Locate the line that contains "Schwalbe Buitenband One". Retype it and every line after it to the end of the records, exactly, but not the pictures.

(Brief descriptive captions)

= Beginning of Section =

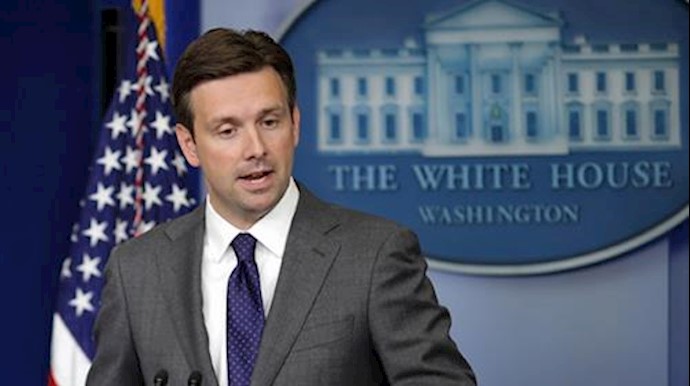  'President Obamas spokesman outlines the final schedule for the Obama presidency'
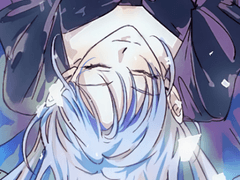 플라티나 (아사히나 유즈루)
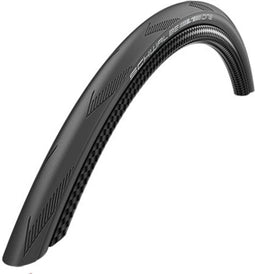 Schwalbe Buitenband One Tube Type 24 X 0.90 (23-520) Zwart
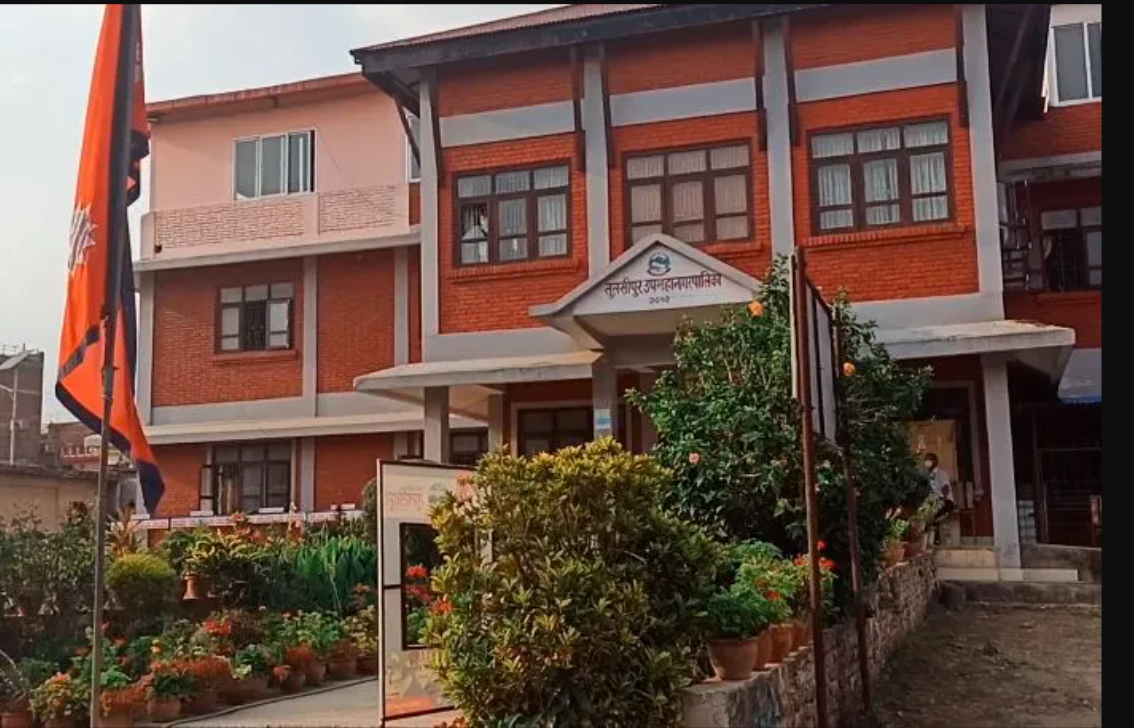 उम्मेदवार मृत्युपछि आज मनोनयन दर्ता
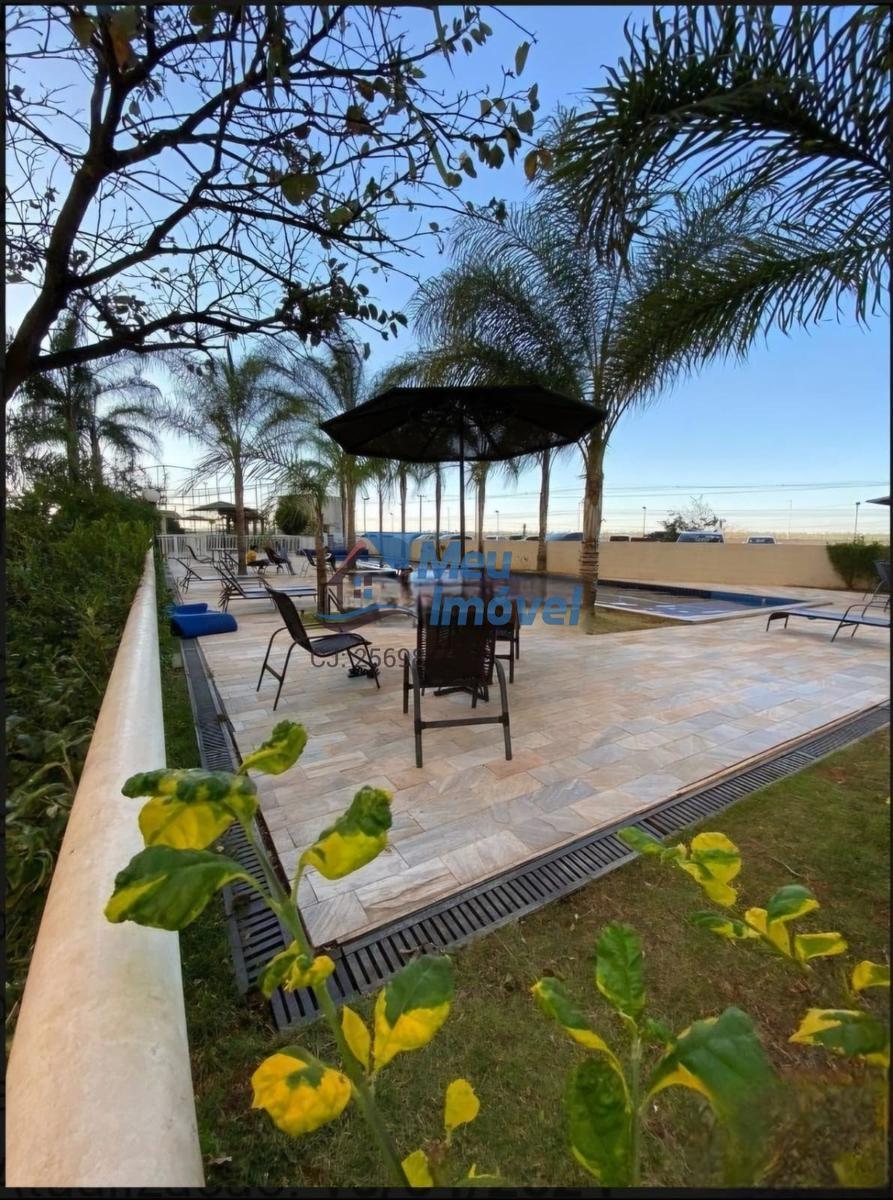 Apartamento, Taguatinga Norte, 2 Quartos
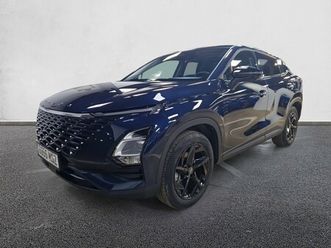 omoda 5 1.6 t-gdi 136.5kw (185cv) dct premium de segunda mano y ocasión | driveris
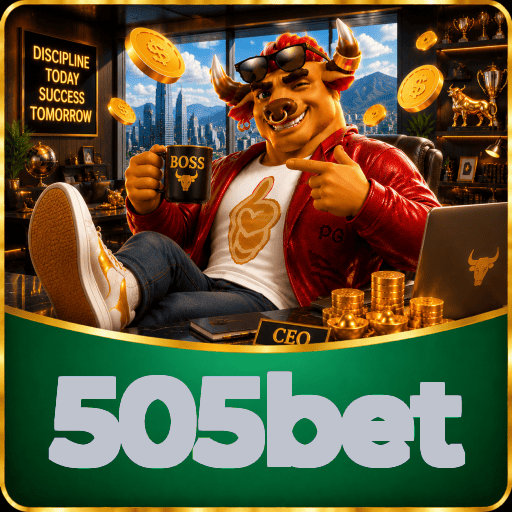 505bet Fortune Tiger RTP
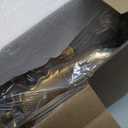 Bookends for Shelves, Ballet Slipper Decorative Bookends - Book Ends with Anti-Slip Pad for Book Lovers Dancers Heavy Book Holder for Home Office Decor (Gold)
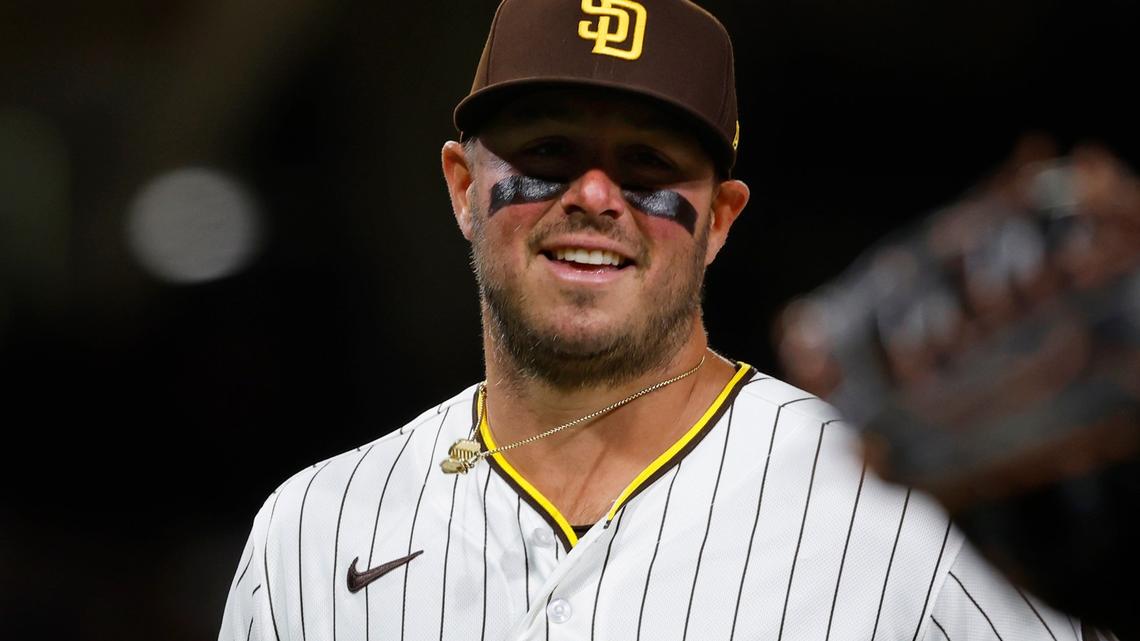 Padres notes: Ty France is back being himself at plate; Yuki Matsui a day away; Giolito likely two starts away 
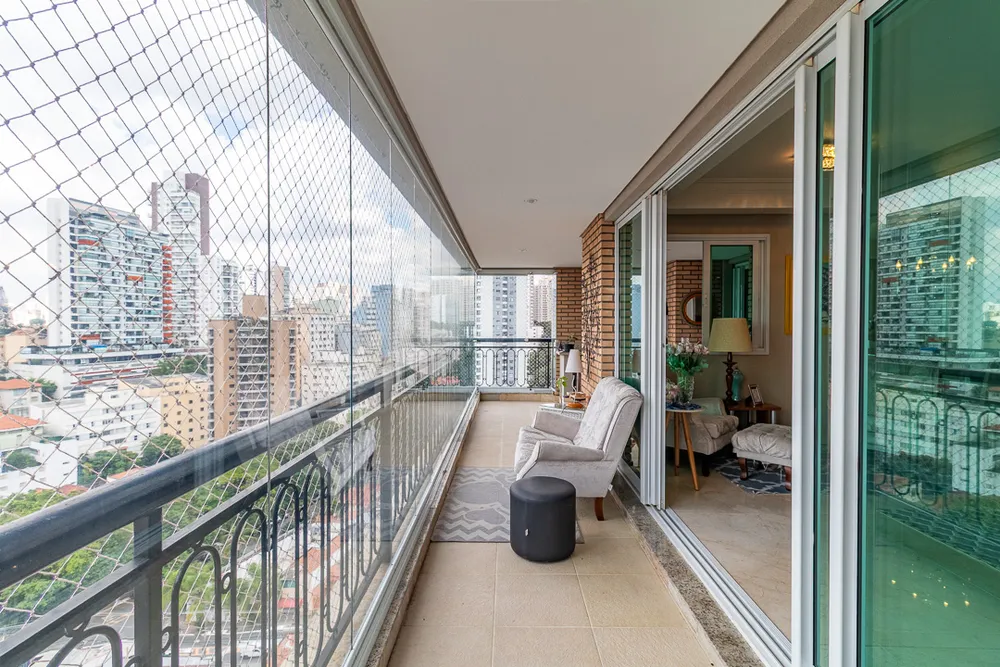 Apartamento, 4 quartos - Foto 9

= End of Section =

Exercise result -
 Schwalbe Buitenband One Tube Type 24 X 0.90 (23-520) Zwart
 उम्मेदवार मृत्युपछि आज मनोनयन दर्ता
 Apartamento, Taguatinga Norte, 2 Quartos
 omoda 5 1.6 t-gdi 136.5kw (185cv) dct premium de segunda mano y ocasión | driveris
 505bet Fortune Tiger RTP
 Bookends for Shelves, Ballet Slipper Decorative Bookends - Book Ends with Anti-Slip Pad for Book Lovers Dancers Heavy Book Holder for Home Office Decor (Gold)
 Padres notes: Ty France is back being himself at plate; Yuki Matsui a day away; Giolito likely two starts away 
 Apartamento, 4 quartos - Foto 9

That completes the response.